Transcribe each line of the material as it is, and drop any picture.

(Input data):
------------------------
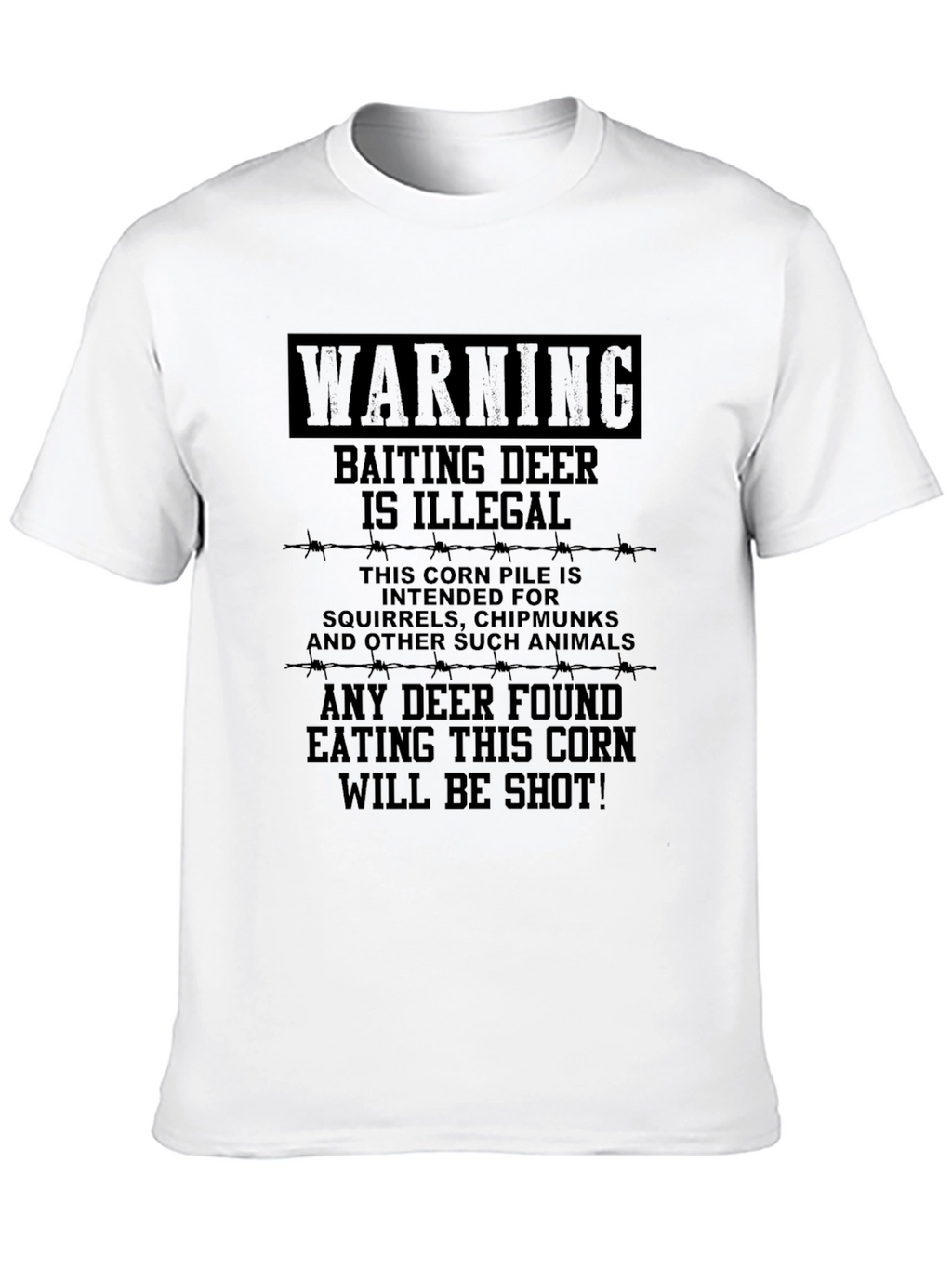 Warning Baiting Deer Illegal Humor T-Shirt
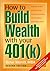 How to Build Wealth With Yo...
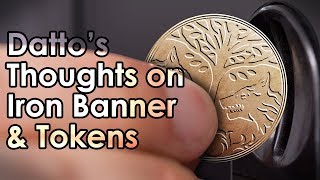 Destiny 2: Datto's Thoughts on Iron Banner & The Token System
------------------------
(Answer box):
 Warning Baiting Deer Illegal Humor T-Shirt
 How to Build Wealth With Yo...
 Destiny 2: Datto's Thoughts on Iron Banner & The Token System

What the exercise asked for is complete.